O tema ainda é motivo de
protestos paraguaios, embora tenha sido oficialmente resolvido em agosto de
2013, com um reunião os presidentes Horácio Cartes, eleito no Paraguai naquele
mês, Nicolás Maduro, da Venezuela, e Dilma Rousseff; o encontro foi realizado à
margem da Cúpula da Unasul. Somam-se aos dois episódios citados a disputa
social interna ao Paraguai, entre paraguaios e “brasiguaios”, brasileiros que
residem na região fronteiriça. A disputa por terras já deixou vítimas fatais. A
mesma extensa fronteira terrestre que favorece o comércio está também
diretamente relacionada ao tráfico de drogas e de contrabando na região, outro
problema social que afeta as relações entre os dois países.
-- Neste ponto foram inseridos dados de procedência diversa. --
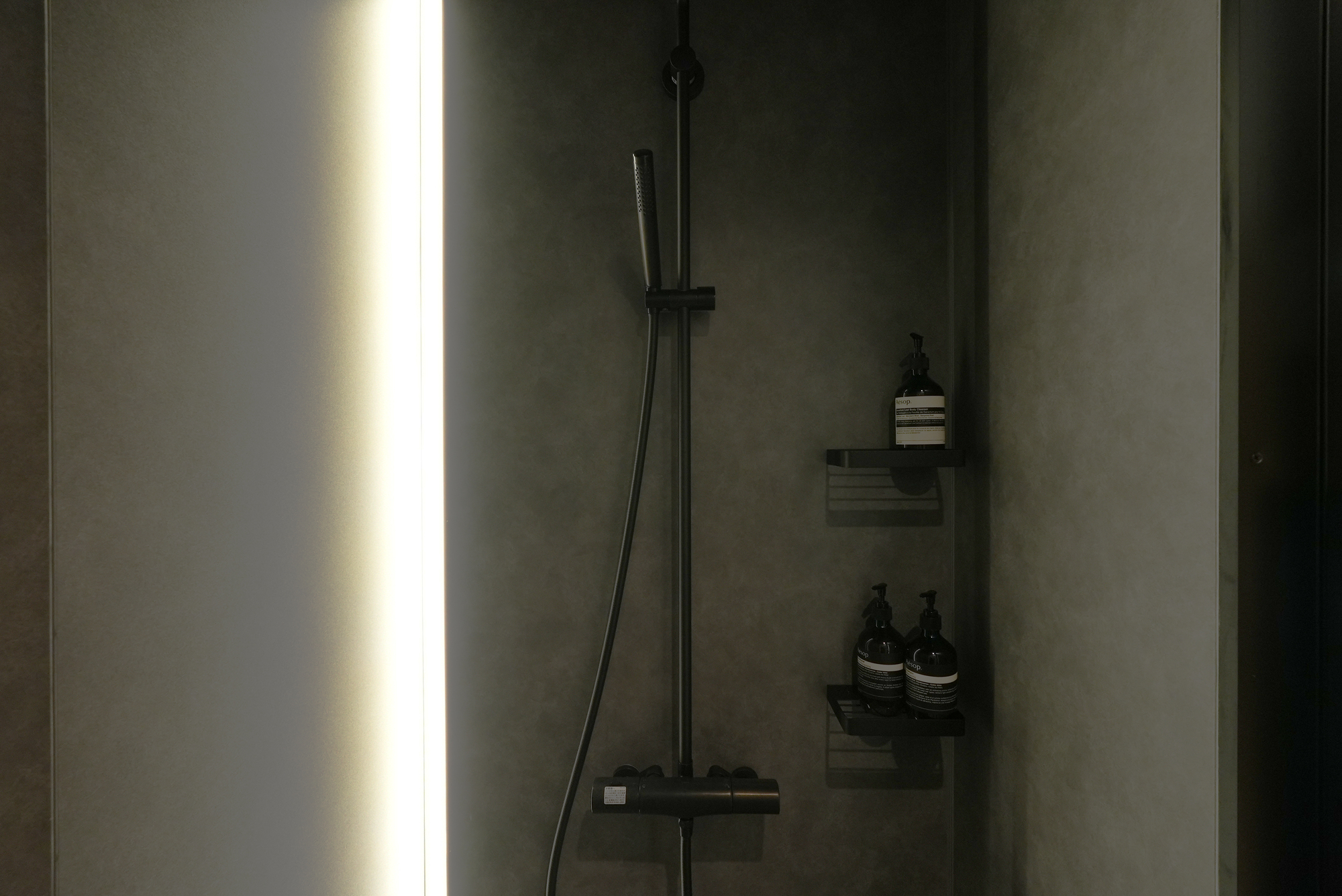 【客室シャワールーム】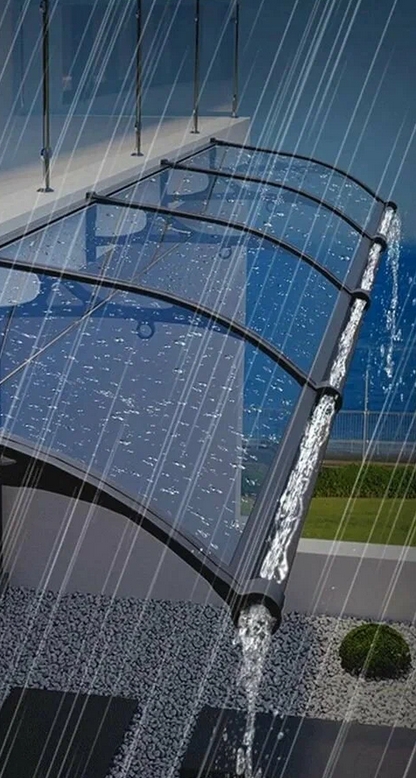 Навес из монолитного поликарбоната защищает от дождя и солнца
A sociedade paraguaia também se
queixa do que classifica de intervenções brasileiras na política interna
paraguaia. O presidente do Paraguai deposto em 1999, Raúl Cubas Grau, o general
Lino Oviedo, implicado na mesma crise política, e o ditador Alfredo Stroessner,
que governou o Paraguai por 35 anos, todos se exilaram no Brasil. A perspectiva
alimentada no Paraguai, sobre o Brasil, independente de ser ou não razoável, é
a de um império vizinho, que faz comércio e desenvolve, mas também explora e
intervêm. A semente dessa perspectiva contemporânea foi plantada na década de
1860, quando da derrota e destruição do Paraguai após ter iniciado o último
grande conflito da Bacia do Prata. A demanda paraguaia pelo canhão El
Cristiano, antes de ser apoiada ou não, deve ser compreendida. O interesse do
Paraguai não é pelo objeto ou pelo seu bronze, é por um símbolo que reafirme
sua nacionalidade, ferida 150 anos atrás.